Backfill User Activity History
Beta
The Historical User Activity feature is currently in beta for the Analytics tool.
The Historical User Activity feature is currently in beta for the Analytics tool.
Existing data pipelines will continue running normally, but will only import new daily activity. To import your full historical backlog into your target database, you must perform this one-time manual backfill.
Required User Permissions:
Data Connector Access: Verified connection to your destination database, such as Snowflake, SQL Server, BigQuery, and more.
Prerequisites:
Time: The initial historical backfill can take anywhere from minutes to several hours, depending on your tenant size and account age. Schedule this operation during an off-peak window.
Compute Sizing: Temporarily scale up your data warehouse or compute instance for the initial load, then scale back down when finished. For example, upgrade a Snowflake warehouse from X-Small to Medium/Large.

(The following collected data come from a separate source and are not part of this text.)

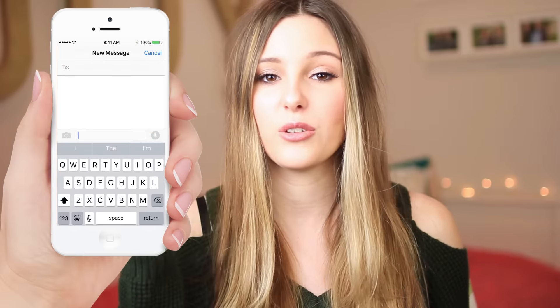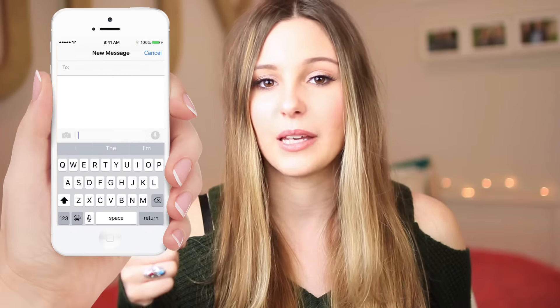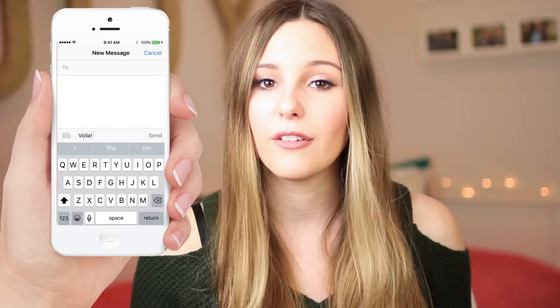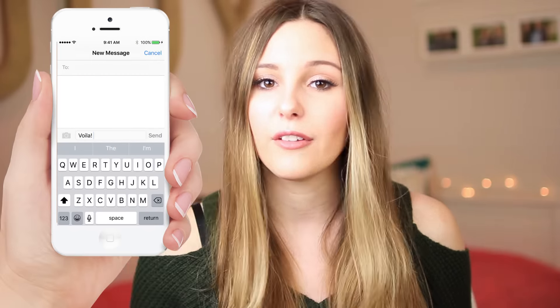Life hack number eight: if you type out a really long text and then want to undo it all, just shake your phone and a pop-up will appear saying 'undo typing.' You can undo it without having to press the delete button through the whole paragraph — this will delete everything all at once.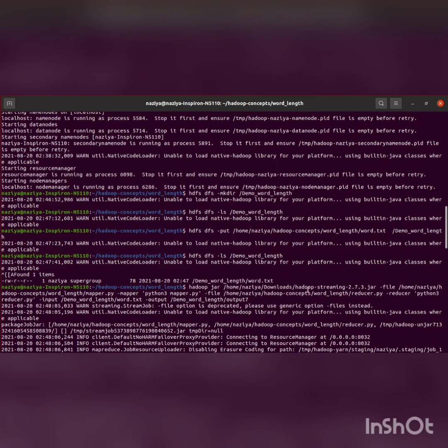Download the latest Hadoop streaming jar file, then run our Python files with the help of Hadoop streaming utility as shown here for the mapper, reducer, input, and output.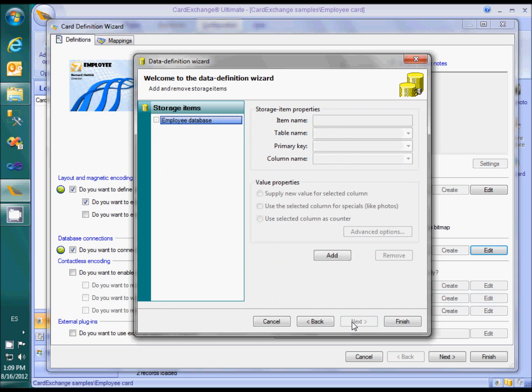The last page is for the storage items, which are needed to write back information to the database. Let's create a storage item for the photos.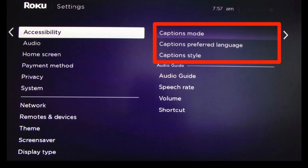Some older Roku systems don't have an Accessibility menu — instead you'll see Captions directly in the Settings menu. Also, Roku can't display closed captions for all streaming services. If closed captions aren't working for a particular streaming service, look for a closed caption setting within the options for that service — it'll often be on the same page where you pick what episode of a show you want to watch.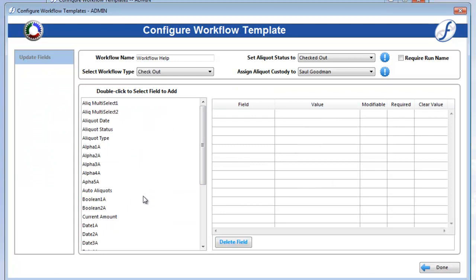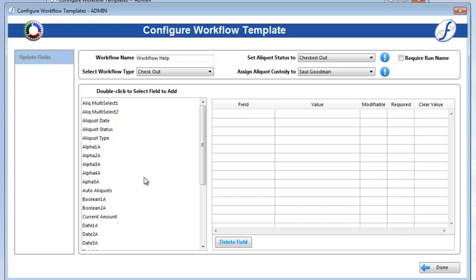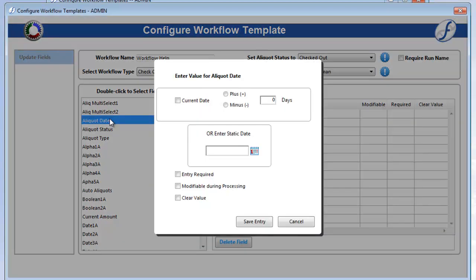In the left box are all the non-unique aliquot fields in your database. To add one to the workflow, simply double-click it. This will open a small entry form.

Storage Requirements: Ensure the host machine has free disk space equal to or greater than twice the compressed size of the target table, as partition files are downloaded locally before loading to the database.
File Limits (macOS/Linux): Raise the shell file descriptor limit in your terminal before running the catch-up script by executing: ulimit -n 65536.

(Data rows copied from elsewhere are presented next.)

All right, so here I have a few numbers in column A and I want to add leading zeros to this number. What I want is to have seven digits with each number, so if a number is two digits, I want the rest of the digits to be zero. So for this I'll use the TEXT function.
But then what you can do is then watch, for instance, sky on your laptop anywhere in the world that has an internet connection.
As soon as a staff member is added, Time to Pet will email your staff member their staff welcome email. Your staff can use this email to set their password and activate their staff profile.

Log in to your target data destination interface.
Clear the existing watermark for the User Activity table by executing the corresponding command for your environment:
Snowflake
DELETE FROM <YOUR_DB>.<YOUR_SCHEMA>.PROCESSING_LOG
WHERE TABLE_NAME = 'user_activity';
SQL Server
DELETE FROM [<your_schema>].[processing_log]

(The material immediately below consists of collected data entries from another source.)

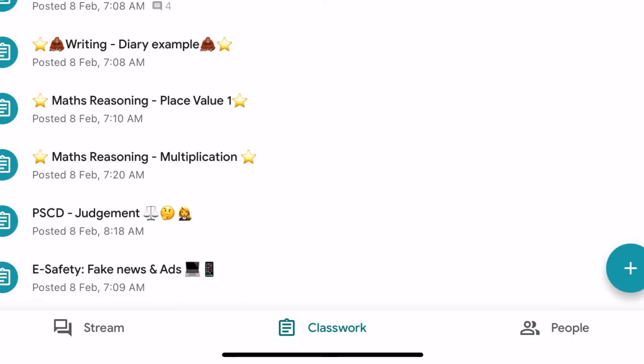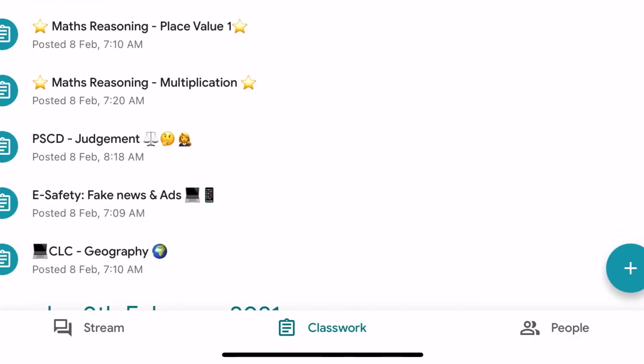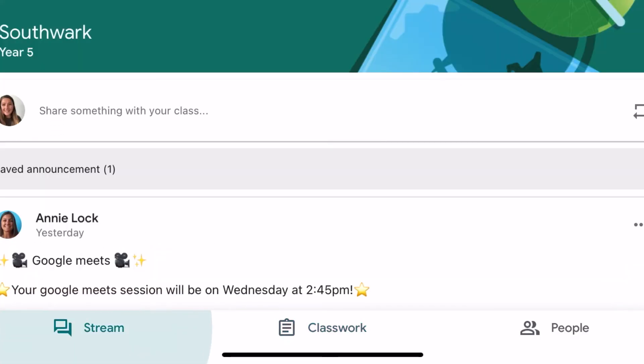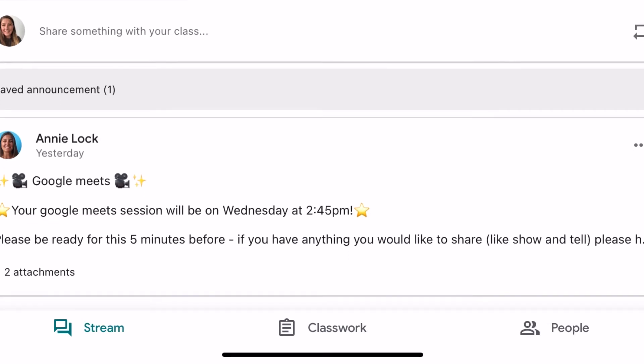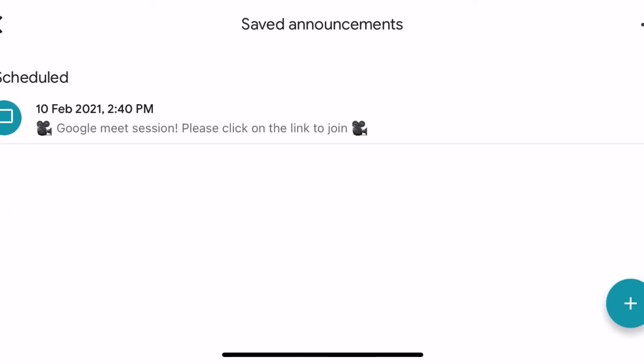To access the Google Meet you need to go to the bottom of your page where it says Stream. There will be an announcement from your teacher — click on the announcement and there will be a link inside for you to open up the Google Meet.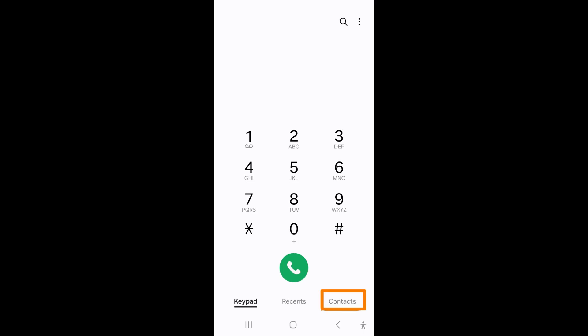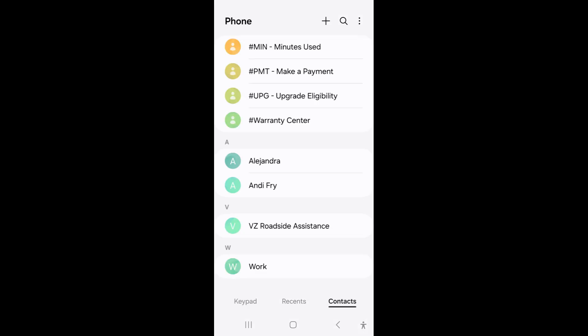Once it opens, you can either start dialing their number using the keypad or you can tap on the contacts tab down below. This will bring up a list of all the contacts saved on your device.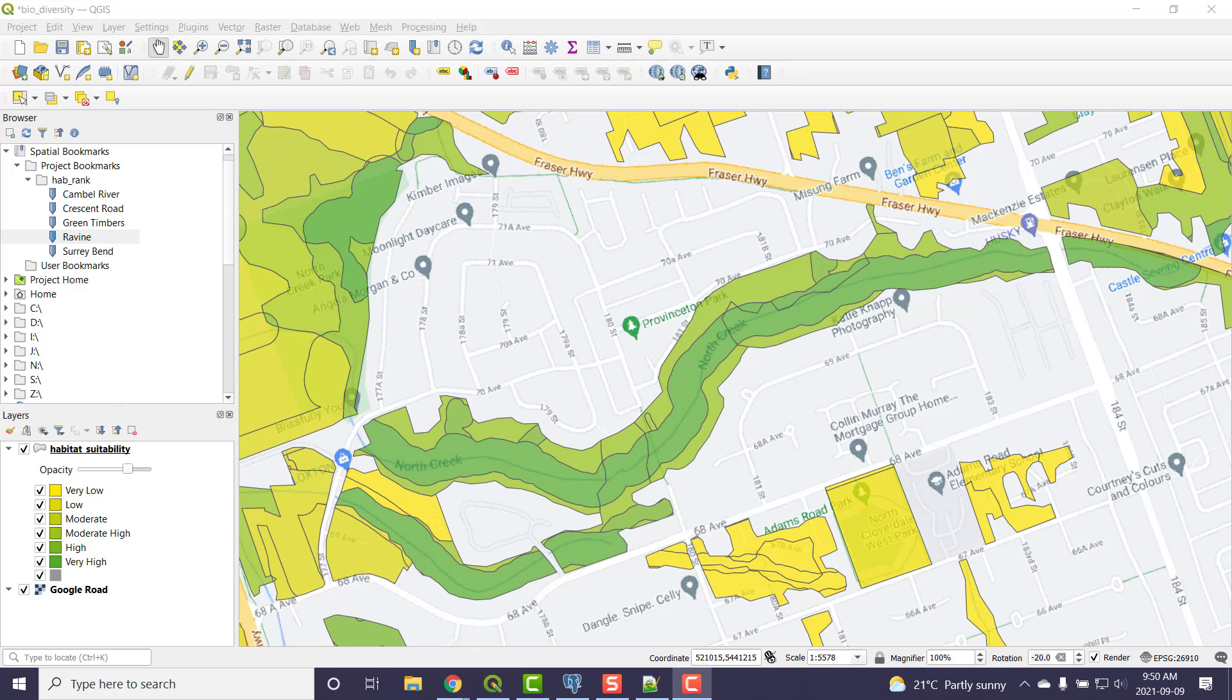Here I am in QGIS and I'm taking a look at habitat suitability in Surrey. They have classified it from very low all the way up to very high. I did have to do some tweaking in the background.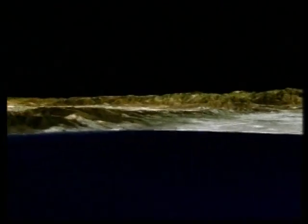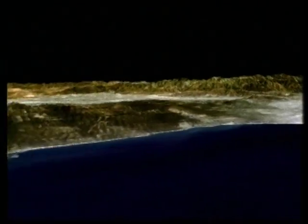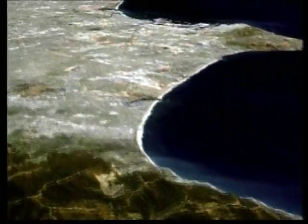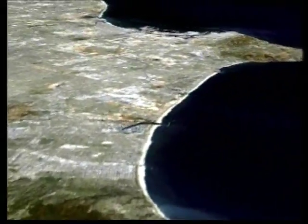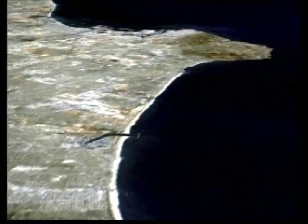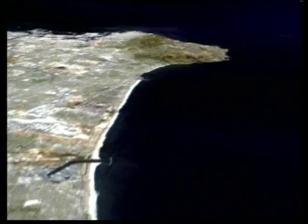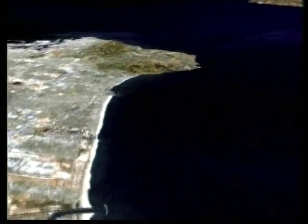We're flying over the island and then we'll cross the coast north of the Santa Monica Mountains. As we head south we can see features like Marina del Rey and LA International Airport.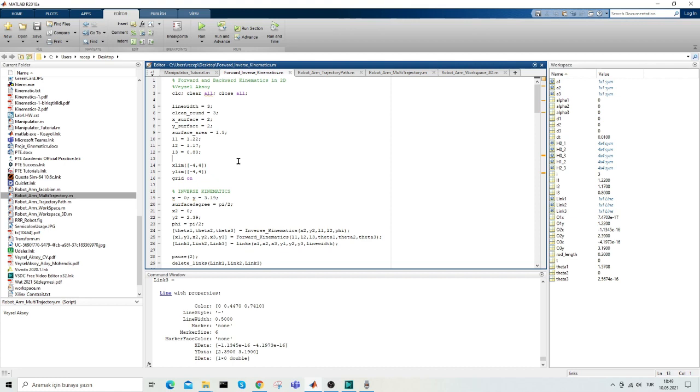The x and y surface parameters and surface area represent the vertex of the surface to be raised and the length of the surface respectively. L1, L2, and L3 represent the length of the robot arm.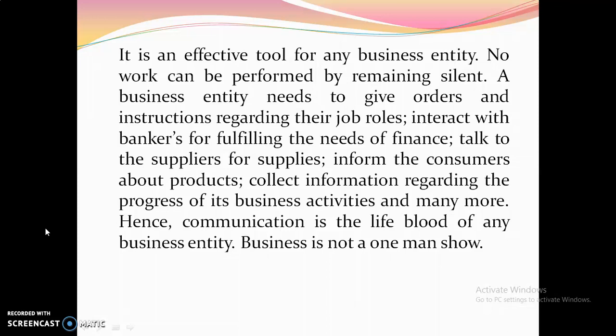No work can be performed in isolation. A business entity needs to give orders and instructions to employees regarding their work. It must interact with bankers for finance, talk to suppliers for materials, inform consumers about the product, and collect information regarding the progress of its business activities. So communication is the lifeblood of any business entity.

WHERE table_name = 'user_activity';
BigQuery
DELETE FROM `<project>.<dataset>.processing_log`
WHERE table_name = 'user_activity';
For cloud storage locations like ADLS, S3, or Fabric Lakehouse, the processing_log file is located next to your data within your managed area. If you cannot locate the file path, check the setup guide for your specific data connector or reach out to Procore Support for additional assistance.
Run your Analytics Cloud Connector CLI script via your terminal or scheduling platform:
# example — replace with the invocation your scheduler uses
python ds_to_snowflake.py --config config.yaml
Monitor your execution console logs. The CLI will indicate destination-aware evaluation by logging:
APPEND partitioned load for user_activity: N event_date partition(s) in share,
M already in Snowflake, K to load.
Confirm that K matches the historical block of missing days you intend to populate.
Once the backfill completes, verify the earliest available records using the following row count query:
SELECT MIN(event_date), MAX(event_date), COUNT(*)
FROM <YOUR_DB>.<YOUR_SCHEMA>.USER_ACTIVITY;
Note: This row count query is an example for Snowflake. You can modify this query based on your destination database.
The MIN(event_date) value will now reflect your account's earliest global historical user activity rather than a rolling 30-day index.